Un acte II en demi-teinte. Après le succès de la manifestation du 2 décembre contre «la corruption» - et plus spécifiquement contre le gouvernement de Benyamin Nétanyahou -, l'opposition israélienne avait appelé à un nouveau rassemblement de masse, samedi soir à Tel-Aviv. Certes, ils étaient à nouveau des milliers (10 000 selon la presse israélienne) pour réclamer la démission du Premier ministre, mais bien moins nombreux que la semaine précédente. L'effet Jérusalem ? En une semaine, tout a changé. Trump a reconnu la ville sainte comme capitale d'Israël, une décision condamnée par la communauté internationale, mais largement appréciée par l'opinion publique israélienne, insufflant un regain de popularité bienvenue au Premier ministre, englué dans les affaires.
«Jérusalem, c'est des conneries, c'est Trump qui file un coup de main à Bibi [le surnom de Nétanyahou, ndlr] pour détourner l'attention», tente de se persuader Asaf, un startuper de 44 ans dans le cortège samedi soir. Le Likoud, le parti de Nétanyahou, a diffusé un communiqué acide condamnant «la gauche» (alors que le mouvement anticorruption se réclame apolitique), accusée de fomenter «la division» au moment où «la nation entière devrait se rallier derrière Jérusalem». Roy, 45 ans, ne veut pas entendre parler d'unité nationale. «Bibi est très bon pour changer le sujet de la discussion. Ce qui se passe dans la rue n'a rien à voir avec Jérusalem. C'est génial que notre capitale soit enfin reconnue, même si ça va nous causer un peu de souci. Mais ce soir, on est assez nombreux pour dire qu'on n'oublie pas la corruption.»

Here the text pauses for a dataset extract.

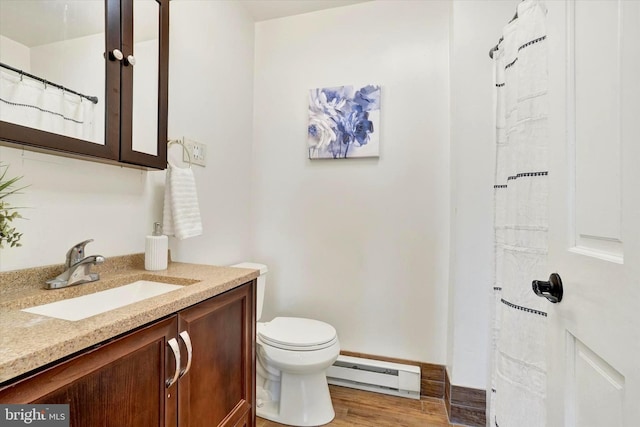 full bathroom featuring a baseboard radiator, toilet, wood finished floors, and vanity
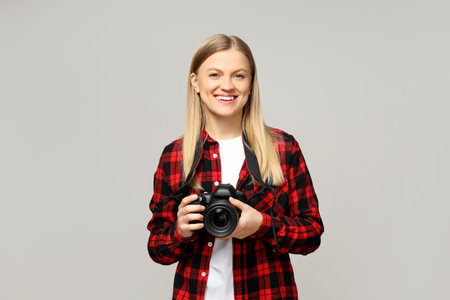 Cheerful girl photographer, on a gray background.の写真素材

Parmi les nouveautés dans le cortège, de nombreuses pancartes en anglais. Plusieurs manifestants brandissent le slogan «Lock'em up», qui détourne le cri de ralliement des pro-Trump appelant à «enfermer» Hillary Clinton, cette fois-ci visant le «Crime Minister» (jeu de mots autour de «Prime Minister») et le député David Bitan, chef de file de la coalition entre droite et ultranationalistes à la Knesset. Bitan, vu comme l'homme de main de Nétanyahou au Parlement, est le plus ardent défenseur de la «loi des recommandations», actuellement examinée à la hâte par les parlementaires. Le texte entend interdire à la police de rendre publiques ses conclusions au terme d'une enquête visant une personnalité publique - une mesure décrite par l'opposition comme un «bouclier législatif» sur mesure pour Nétanyahou, visé par deux investigations.
Au moment où des milliers d'Israéliens appelaient à sa démission à Tel-Aviv, Nétanyahou embarquait pour la France. Il y a rencontré dimanche Emmanuel Macron, qui l'a appelé à «des gestes courageux envers les Palestiniens», comme «le gel de la colonisation et des mesures de confiance à l'égard de l'autorité palestinienne». Lundi, le Premier ministre israélien doit rencontrer les 28 ministres des Affaires étrangères de l'UE, devant qui il défendra la déclaration de Trump, «si importante» à ses yeux.